Мать стояла спиной к входу, одетая в цветастый синий халат. Растрепанные седые волосы облепили ее согнутую спину, как паутина. Пальцы с коркой засохшей крови на месте содранных ногтей упирались в стекло. У босых почерневших ног засохла куча дерьма.
Стас подошел к матери. Боясь дотронуться до окостеневшего тела, наклонился к окну, почти прижавшись щекой к стеклу, и заглянул ей в лицо. На потрескавшихся губах покойницы остались следы багровой помады. Белесые мертвые глаза рассматривали дорогу и старух у подъезда. Третий день рассматривали.
– Мама умерла, – странно, но голос не дрожал. Зато пальцы, сжимавшие смартфон, заледенели.
Утром он ненавидел жену, но в момент, когда боль и отчаяние грозили разорвать его на куски, он позвонил ей. Как бы то ни было, Алена оставалась самым близким ему человеком. Но эта самолюбивая злобная тварь повела себя, как обычно.
– У меня клиент, половины первого еще нет. – Деловой холодный голос. – Перезвоню, когда освобожусь.
Кровь прилила к вискам.
– Слушай, ты, сука! Мать умерла, она сейчас дохлая из окна смотрит. На хрен твоих клиентов! Приезжай, я сказал!
В ответ тишина. Стас подумал, что Алена отключилась, но она ответила:
– Сейчас вызову такси и приеду.
Стас осмотрелся. В спальне будто прошел ураган. Обои сорваны со стен и валяются на полу, на бетоне борозды от ногтей в потеках засохшей крови. Сорванное с потолка натяжное полотно свернулось в углу вонючей кучей. Борозды от ногтей остались и на потолке. Стаса снова замутило.

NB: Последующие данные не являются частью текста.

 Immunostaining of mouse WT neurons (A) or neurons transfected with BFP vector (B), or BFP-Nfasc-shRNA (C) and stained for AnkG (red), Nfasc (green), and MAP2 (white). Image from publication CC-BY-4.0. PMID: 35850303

На стене, почти в полуметре от плинтуса, чернели нацарапанные детской рукой буквы: «СТАСИК». Это он сделал надпись перочинным ножом во время ремонта, до того как поклеили обои. Вокруг надписи горели багровые следы поцелуев.

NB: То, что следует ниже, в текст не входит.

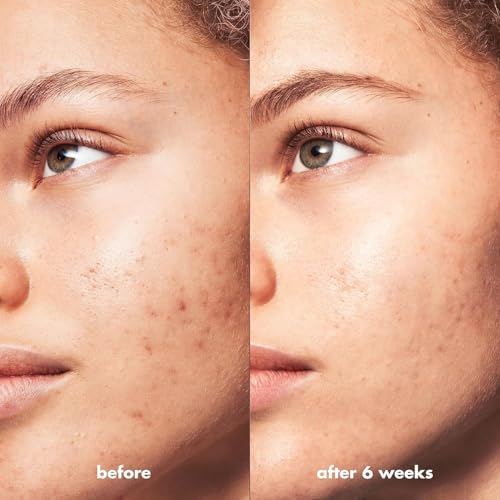 NOW Foods Solutions, Mediterranean Red Clay Powder, Pure Powder for Sensitive Skin Facial Mask, 14-Ounce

В глазах потемнело от вспыхнувшего в мозгу видения. Мать мажет губы помадой, а затем, стоя на коленях, целует его имя.
Стас будто провалился в пахнущую мертвыми лилиями черноту. Очнулся уже на улице. Бабки накинулись на него с расспросами, пытались узнать, что случилось, а он стоял и не мог понять, как здесь очутился и что происходит. Такие провалы стали случаться с ним после дня рождения Алены. Иногда он вечером ложился спать, а просыпался на улице, стоя в одних трусах на детской площадке. На работе возвращался в кабинет, а оказывался в парке в нескольких километрах от здания администрации. Последний раз его накрыло перед тем, как у начальника случился инфаркт. Вот, старик кричит, что не даром его имя рифмуется с «пидарас», размахивая перед лицом исчерканным письмом в Правительство области. А через секунду Стас стоит в коридоре, а в кабинете суетятся врачи скорой помощи.
Придя в себя, он позвонил в полицию, похоронное бюро, отцу, последним набрал номер Зои. Когда он отключился, оставив сестру захлебываться слезами, подъехало такси. Алена вышла из машины, быстро подошла к нему и встала в нескольких шагах. Стас обнял жену, вцепился в напряженное твердое тело, как в спасательный круг. Ему не терпелось рассказать ей, что последними словами, сказанными матери, были: «Люби меня, старая сука!» Словами, брошенными сгоряча, когда мать убеждала его дать сестре денег на покупку машины.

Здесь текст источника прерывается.